Python 3.11 is required.
git clone https://github.com/rafiattrach/cached-summaries-ehr-inference.git
cd cached-summaries-ehr-inference
bash setup.sh
source venv/bin/activate
pip install meds-torchVerify the installation:
python smoke_test.pyThis runs three forward passes with random tensors (no MIMIC data required) and should print all three as PASS.
MIMIC-IV requires credentialed access via PhysioNet. Convert the raw dataset to MEDS format using the MIMIC-IV MEDS pipeline, then tensorize with meds-torch:
export MEDS_DIR=/path/to/mimic-iv/meds
export MODEL_DIR=/path/to/triplet_tensors
export MEDS_COHORT_DIR=/path/to/meds_cohort
export N_PARALLEL_WORKERS=8
meds-torch-ETL \
pipeline_config_fp=experiments/configs/triplet_config.yaml \
input_dir=$MEDS_DIR \
output_dir=$MODEL_DIR \
stage_runner_fp=experiments/configs/joblib_runner.yaml \
hydra.launcher.n_jobs=$N_PARALLEL_WORKERSThe environment variables below are assumed to be set for all steps. Adjust paths to match your storage layout.

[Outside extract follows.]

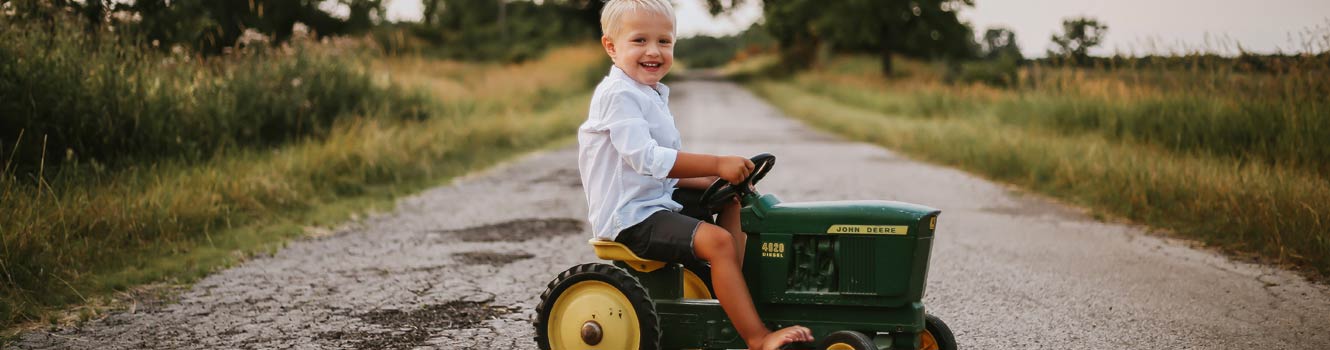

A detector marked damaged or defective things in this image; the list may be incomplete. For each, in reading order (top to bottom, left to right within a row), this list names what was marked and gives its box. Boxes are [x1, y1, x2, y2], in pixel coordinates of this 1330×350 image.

pothole [436, 217, 580, 242]
pothole [452, 250, 536, 266]
pothole [322, 300, 520, 350]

export MEDS_DIR=/path/to/mimic-iv/meds
export MODEL_DIR=/path/to/triplet_tensors
export MEDS_COHORT_DIR=/path/to/meds_cohort
export SUMMARY_CACHE_DIR=$MODEL_DIR/hybrid_summary_cache
export TASK_NAME=mortality/in_icu/first_24h
export GPU=0Step 1: extract task cohort
aces-cli --multirun hydra/launcher=joblib \
data=sharded data.standard=meds \
data.root="$MEDS_DIR/data" \
"data.shard=$(expand_shards $MEDS_DIR/data)" \
cohort_dir="$MEDS_COHORT_DIR/tasks/" \
cohort_name="$TASK_NAME" \
config_path="experiments/configs/tasks/mortality/in_icu/first_24h.yaml"Step 2: precompute summary vectors (run once, reused across all training runs)

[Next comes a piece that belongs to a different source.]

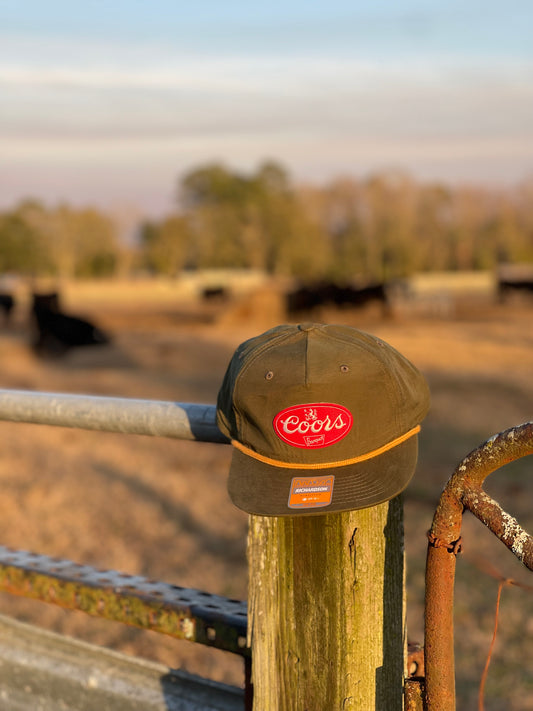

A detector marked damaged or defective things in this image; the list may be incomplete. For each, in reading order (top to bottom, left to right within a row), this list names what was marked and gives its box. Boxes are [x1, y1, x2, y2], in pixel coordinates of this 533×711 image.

bash scripts/precompute_summaries.sh \
--data_dir $MODEL_DIR \
--output_dir $SUMMARY_CACHE_DIR \
--summary_size 256 \
--variant recent \
--gpu $GPUStep 3: train individual configurations
bash scripts/run_experiment.sh -m baseline -n 64 -g $GPU \
-r $(pwd) -o $MODEL_DIR/outputs
bash scripts/run_experiment.sh -m hybrid -a film -v recent -n 64 -s 256 -g $GPU \
-r $(pwd) -o $MODEL_DIR/outputs
bash scripts/run_experiment.sh -m oracle -n 64 -s 256 -g $GPU \
-r $(pwd) -o $MODEL_DIR/outputsStep 4: full grid search (reproduces all 252 runs)

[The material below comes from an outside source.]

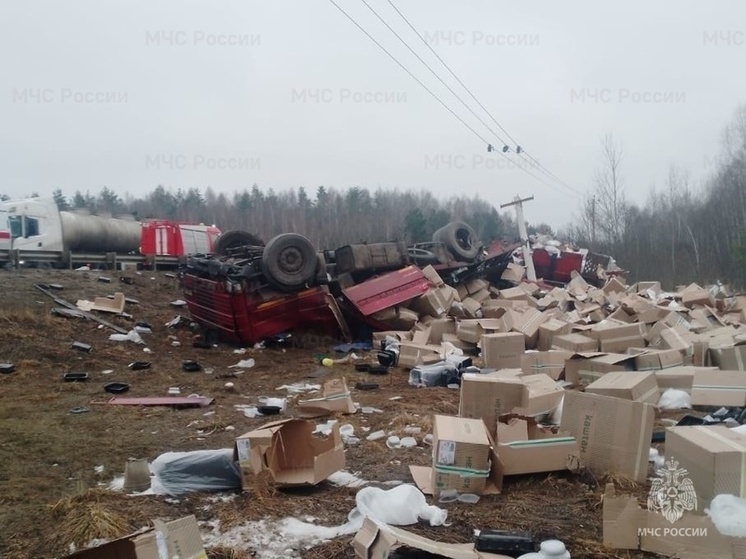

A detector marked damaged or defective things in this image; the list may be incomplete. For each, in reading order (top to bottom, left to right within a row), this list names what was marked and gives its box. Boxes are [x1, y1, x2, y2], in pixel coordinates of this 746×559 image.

bash scripts/sweep_context_budget.sh \
--gpu $GPU \
--epochs 10 \
--out_dir $MODEL_DIR/outputs/sweep \
--repo_dir $(pwd)Ablations
bash scripts/ablate_integration_method.sh \
--gpu $GPU --out_dir $MODEL_DIR/outputs/ablation_integration
bash scripts/ablate_summary_source.sh \
--gpu $GPU --out_dir $MODEL_DIR/outputs/ablation_source| Condition | AUROC gain vs baseline | p-value |
|---|---|---|
| N=8, FiLM, recent | +6.5% | < 0.001 |
| N=32, FiLM, recent | +2.1% | < 0.001 |
| N=128, FiLM, recent | +0.4% | n.s. |
| N=256, FiLM, recent | +0.1% | n.s. |
| FiLM vs token (all N) | FiLM consistently better | < 0.001 |
| Recent vs distant summary | Recent consistently better | < 0.01 |
Memory at inference scales with N only, independent of total patient history length.
@misc{attrach2026cached,
title = {Cached Foundation Model Summaries for Memory-Efficient Clinical Time Series Inference},
author = {Al Attrach, Rafi and Fani, Rajna and Restrepo, David and Jia, Yugang
and Celi, Leo Anthony and Sch\"{u}ffler, Peter},
year = {2026},
note = {1st ICLR Workshop on Time Series in the Age of Large Models}
}MIMIC-IV is available via PhysioNet with credentialed access. This codebase extends the meds-torch framework.